Es gibt also ein paar Leute, die meinen, dass alle den gleichen Einsatz zeigen sollten, dass es nichts wichtigereres als die Jugendarbeit gibt?
So eine Situation ist immer schwer zu lösen, wenn die Kritik ungerechtfertigt ist. Ich denke es hilft erstmal klar zu machen wo denn der jeweilige Anspruch und mögliche Engagement der einzelnen Leiter liegt. Es gibt immer Leute, die sich in der Jugendarbeit beteiligen wollen, aber nebenbei noch mit Schule und anderen Hobbys zugepackt sind. Auf die muss man Rücksicht nehmen. Ich persönlich bin auch eher jemand, der zu hohe Erwartungen hat und ich kritisieren auch viel, aber nur, wenn die Kritik gerechtfertigt ist. Das ist wichtig. Ihr müsst euren Aggressoren klar machen, dass ihr an eurer Leistungsgrenze seid, auf private Prioritäten sollte man Rücksicht nehmen.

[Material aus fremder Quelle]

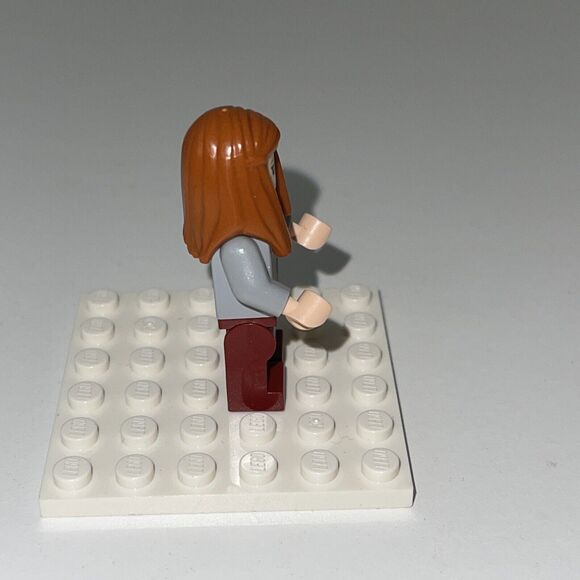 LEGO Harry Potter JENNY WEASLEY Bluish Gray Sweater Dark Red Legs Pockets 4840 - Picture 4 of 5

Vielleicht ladet ihr euch jemanden von außerhalb ein, der durch ein gezieltes Spiel mal versucht zu beurteilen, wie es in der Gruppe aussieht. Es ist immer sehr interessant zu sehen, wie ein Außenstehender die Gruppendynamik einschätzt ohne vorher informiert worden zu sein. Dann wird vermutlich rauskommen, dass einige Leute viel sagen und tun und andere eher Mitläufer sind. An dieser Stelle ist dann wichtig zu betonen, dass "Mitläufer" nicht negativ gemeint ist. Es gibt nunmal in jeder Gruppe irgendwelche Hierarchien und es ist für eine Gruppe von 20 Personen nicht gut, wenn alle plötzlich das sagen haben wollen. In so großen Gruppen ist es aber schwer dieses Denken "einzupflanzen".
Bei uns hat geholfen für verschiedene Aktionen Orga-Teams zu benennen. Dann weiß man wer zuständig ist und der Rest kann nach Bedarf angefordert werden. Dann macht jeder mal was und wenn er nur "Springer"/spontane Aushilfskraft ist.

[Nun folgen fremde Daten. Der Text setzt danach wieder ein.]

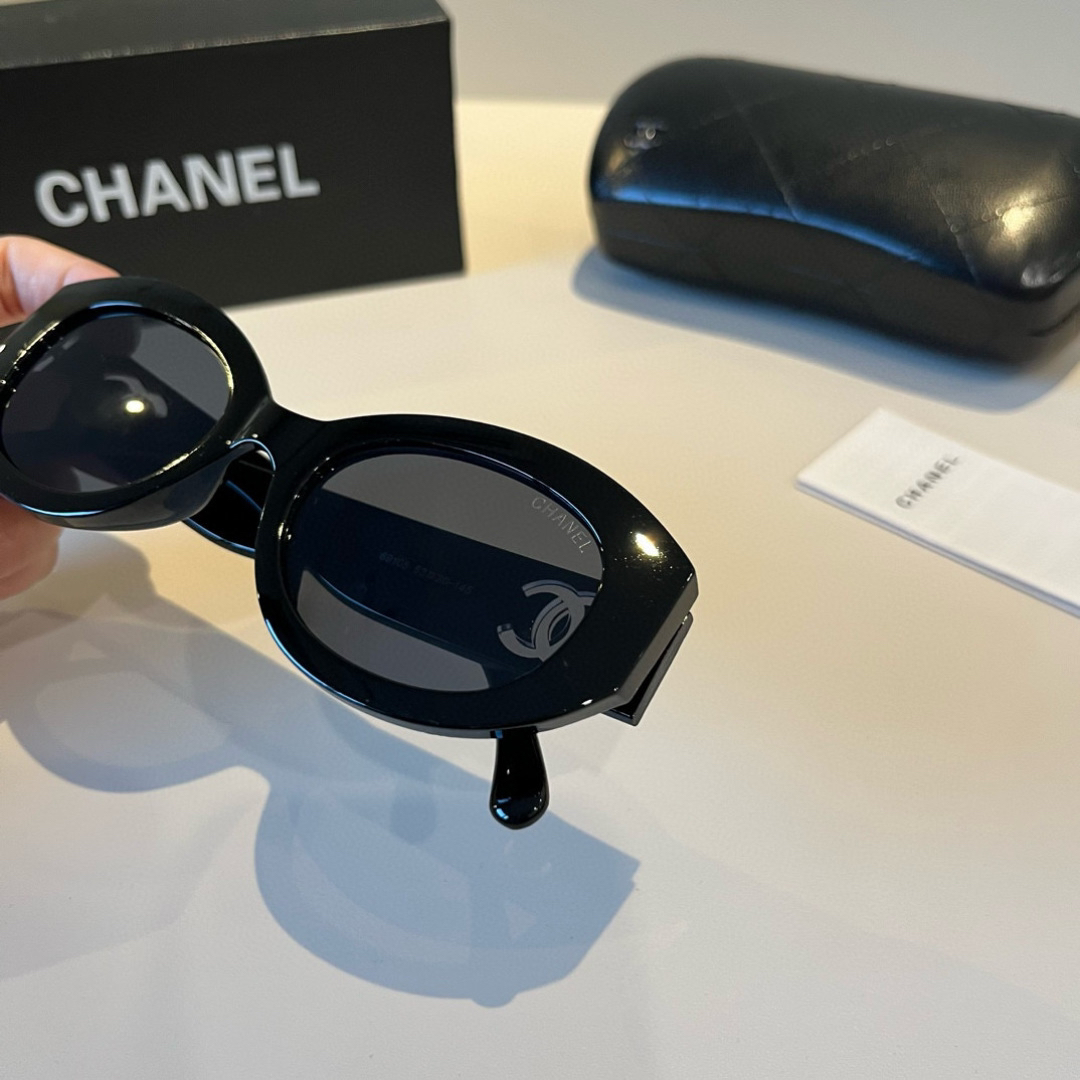 Chanel round frame sunglasses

Ich finde es wichtig, dass man auch neben des gemeinsamen "Hobby" auch mal etwas gemeinsam unternimmt (auch sei es nur ein Bier nach den Sitzungen), das trägt sehr viel zu einem guten Klima bei.
Ich denke auch, dass ihr die Dinge einmal klar auf den Tisch legen solltet. Wichtig ist, dass dabei alle mit dabei sind und eine Person ganz klar die Gesprächsführung übernimmt. Die Person darf natürlich nicht voreingenommen sein und muss auch unparteiisch sein. Ansonsten müsst ihr vielleicht noch mal auf gruppenbildende Elemente zurückgreifen.